There is no demographic that is having a harder time in Canada than our younger generation. For some reason, Canada is developing and proceeding with almost zero care for the next generations. It’s hard to explain why but it is happening, and the future we are leaving our kids isn’t one to boast about.
I want to provide you with the complete picture, including data that explains what the younger generation is going through. Where the gaps are and trends. The younger generation is defined here as those aged 15 to 29, but some data specifics use the range of 15 to 24; all will be labeled accordingly.
Youth are facing incredible economic challenges in entering the workforce, affordability, and even education, becoming a question of ability. There are many underlying issues here, including the fact that if a family's overall financial well-being isn’t good, youth are expected to work and contribute financially, which naturally comes at the cost of their own future progress, and/or parents just can’t afford to send them to secondary education.
Youth not in employment, education, or training - also known as NEET- is an indicator that is used worldwide to “assess the risk of social disconnection and exclusion among youth during their transition from education to employment.”
When young people are not in school or employed, it highlights significant issues and stress. That means they are missing out on key skill development years, earnings, career potential, and their general well-being is reduced.
During the 2020/2021 pandemic year, NEET rates rose to the highest level in 20 years - 13.2%. After recovering from the pandemic shock, the NEET rate started to increase again and reached 11.3% in 2023/2024. That is a higher rate than pre-pandemic and is climbing.

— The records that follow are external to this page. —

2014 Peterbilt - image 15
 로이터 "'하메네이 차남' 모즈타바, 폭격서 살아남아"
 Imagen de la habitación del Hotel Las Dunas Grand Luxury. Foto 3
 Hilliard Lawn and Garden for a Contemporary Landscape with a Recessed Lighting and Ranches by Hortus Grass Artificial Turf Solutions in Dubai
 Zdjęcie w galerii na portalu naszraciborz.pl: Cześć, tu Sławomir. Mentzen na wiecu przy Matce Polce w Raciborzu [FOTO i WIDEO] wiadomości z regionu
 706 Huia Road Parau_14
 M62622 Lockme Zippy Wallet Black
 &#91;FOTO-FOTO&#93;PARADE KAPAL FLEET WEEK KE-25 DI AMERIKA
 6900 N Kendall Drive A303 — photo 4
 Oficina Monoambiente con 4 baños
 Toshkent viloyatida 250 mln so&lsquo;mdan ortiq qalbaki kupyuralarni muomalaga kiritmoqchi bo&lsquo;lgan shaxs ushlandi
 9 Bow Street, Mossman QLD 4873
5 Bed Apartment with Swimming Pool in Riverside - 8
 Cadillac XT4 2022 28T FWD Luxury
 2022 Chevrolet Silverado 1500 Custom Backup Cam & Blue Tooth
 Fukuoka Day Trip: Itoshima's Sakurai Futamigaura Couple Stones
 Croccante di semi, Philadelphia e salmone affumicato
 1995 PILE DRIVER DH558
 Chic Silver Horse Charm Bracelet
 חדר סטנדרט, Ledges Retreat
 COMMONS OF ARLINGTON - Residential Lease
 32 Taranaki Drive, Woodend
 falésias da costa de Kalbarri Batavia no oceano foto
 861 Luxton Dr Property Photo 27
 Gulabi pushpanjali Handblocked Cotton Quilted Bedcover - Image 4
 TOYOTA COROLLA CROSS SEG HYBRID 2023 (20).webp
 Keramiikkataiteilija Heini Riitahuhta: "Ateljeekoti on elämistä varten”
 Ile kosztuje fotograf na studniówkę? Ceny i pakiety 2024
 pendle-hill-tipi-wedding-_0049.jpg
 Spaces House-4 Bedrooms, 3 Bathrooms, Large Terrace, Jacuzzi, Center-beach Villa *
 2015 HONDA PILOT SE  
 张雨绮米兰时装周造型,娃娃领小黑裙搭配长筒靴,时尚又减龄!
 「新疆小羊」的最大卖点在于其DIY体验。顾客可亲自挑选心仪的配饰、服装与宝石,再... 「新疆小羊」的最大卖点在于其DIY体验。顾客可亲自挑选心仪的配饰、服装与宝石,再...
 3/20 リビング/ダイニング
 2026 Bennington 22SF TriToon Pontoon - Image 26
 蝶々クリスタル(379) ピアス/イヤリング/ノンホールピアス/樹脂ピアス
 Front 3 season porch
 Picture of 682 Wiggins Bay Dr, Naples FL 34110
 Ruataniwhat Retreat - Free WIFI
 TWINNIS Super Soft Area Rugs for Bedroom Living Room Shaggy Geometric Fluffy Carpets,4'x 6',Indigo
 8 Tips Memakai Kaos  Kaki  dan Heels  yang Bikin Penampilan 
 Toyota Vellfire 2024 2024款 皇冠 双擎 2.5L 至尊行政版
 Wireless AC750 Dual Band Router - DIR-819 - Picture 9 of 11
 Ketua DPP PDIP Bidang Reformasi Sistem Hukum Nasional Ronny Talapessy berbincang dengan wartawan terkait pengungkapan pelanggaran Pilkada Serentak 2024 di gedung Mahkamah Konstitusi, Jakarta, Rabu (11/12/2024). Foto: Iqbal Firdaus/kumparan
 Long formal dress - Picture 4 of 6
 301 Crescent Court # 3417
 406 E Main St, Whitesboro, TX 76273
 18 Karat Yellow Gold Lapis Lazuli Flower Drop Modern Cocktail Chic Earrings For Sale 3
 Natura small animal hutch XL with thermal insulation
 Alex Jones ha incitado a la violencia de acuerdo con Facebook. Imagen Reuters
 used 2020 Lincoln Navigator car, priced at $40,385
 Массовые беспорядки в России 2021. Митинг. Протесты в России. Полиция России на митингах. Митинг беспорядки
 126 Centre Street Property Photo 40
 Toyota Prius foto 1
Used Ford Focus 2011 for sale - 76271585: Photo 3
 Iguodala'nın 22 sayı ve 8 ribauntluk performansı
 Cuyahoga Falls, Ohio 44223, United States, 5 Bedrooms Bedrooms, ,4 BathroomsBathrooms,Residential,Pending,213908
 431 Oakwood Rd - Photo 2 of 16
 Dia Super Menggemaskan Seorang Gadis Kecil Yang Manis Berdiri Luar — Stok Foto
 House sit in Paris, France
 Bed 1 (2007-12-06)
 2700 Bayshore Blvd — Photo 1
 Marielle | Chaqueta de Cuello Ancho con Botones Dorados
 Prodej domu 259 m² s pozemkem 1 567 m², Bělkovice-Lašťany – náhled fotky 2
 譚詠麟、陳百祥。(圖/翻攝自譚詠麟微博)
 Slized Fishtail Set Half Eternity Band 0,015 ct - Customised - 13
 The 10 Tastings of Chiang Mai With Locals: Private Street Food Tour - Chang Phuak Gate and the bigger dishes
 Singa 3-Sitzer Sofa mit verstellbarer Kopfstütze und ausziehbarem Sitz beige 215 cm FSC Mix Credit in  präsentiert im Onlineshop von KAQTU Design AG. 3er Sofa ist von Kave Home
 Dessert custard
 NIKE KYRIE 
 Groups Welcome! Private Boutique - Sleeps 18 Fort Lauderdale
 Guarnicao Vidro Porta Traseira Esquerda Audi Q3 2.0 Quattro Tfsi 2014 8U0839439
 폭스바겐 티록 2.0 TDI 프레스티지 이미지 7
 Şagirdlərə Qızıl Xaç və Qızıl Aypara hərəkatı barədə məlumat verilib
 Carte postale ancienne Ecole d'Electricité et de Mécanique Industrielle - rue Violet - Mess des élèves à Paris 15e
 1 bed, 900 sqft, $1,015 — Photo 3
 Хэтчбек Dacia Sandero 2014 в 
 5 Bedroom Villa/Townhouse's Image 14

What’s more concerning is that according to the latest data, there are over 280,000 youth who are not employed or in education because of a disability. That represents an increase of over 90,000 people since the last data reading, which occurs every 5 years. Right now, I would say there are close to 400,000 young people who aren’t getting educated or participating in the labour force because of a disability. That’s an alarming number.
Men in their mid to late 20s are specifically hit harder as their labour force participation drops and they are less likely than women to go back to postsecondary education.
Youth who aren’t in school are having a hard time finding jobs, and so do students. In January 2020, right before the pandemic, the student unemployment rate was 9.7%. In April 2025, it was 15.4%, which is even higher than some months during the pandemic.
The changes in labour characteristics are dramatic. While the 15 - 24 year old student population grew by 7.1% from May 2023 to May 2024, and 2.9% from May 2024 to May 2025, almost all employment growth statistics are negative. The total employment rate over the last year dropped by 2.6%. Over half of that population growth in that age group became unemployed.
The youth who aren’t students in that age group have just as alarming stats, with unemployment growing by 10.3% over the last 12 months and 29.9% over the previous 12 months before then. The unfortunate part is that the population in that age group that isn’t going to school is growing as well.
Employment rate by young people is lower than all demographics and at a multi-year low, including much lower than the years before the pandemic.
In the last Equifax report, excluding mortgages, ages 18-25 had the 2nd highest delinquency rates and a delinquency rate increase of 20.06%, while ages 26-35 had the highest delinquency rate and a delinquency rate increase of 21.04% year over year.
Consumers under the age of 26 had the highest credit card 90+ day delinquency rates, with a 21.7% year-over-year increase. Auto loans delinquency in younger demographics saw a 30% year-over-year increase, nearly doubling the overall delinquency rate increase of 15.3%, which is troubling enough in itself.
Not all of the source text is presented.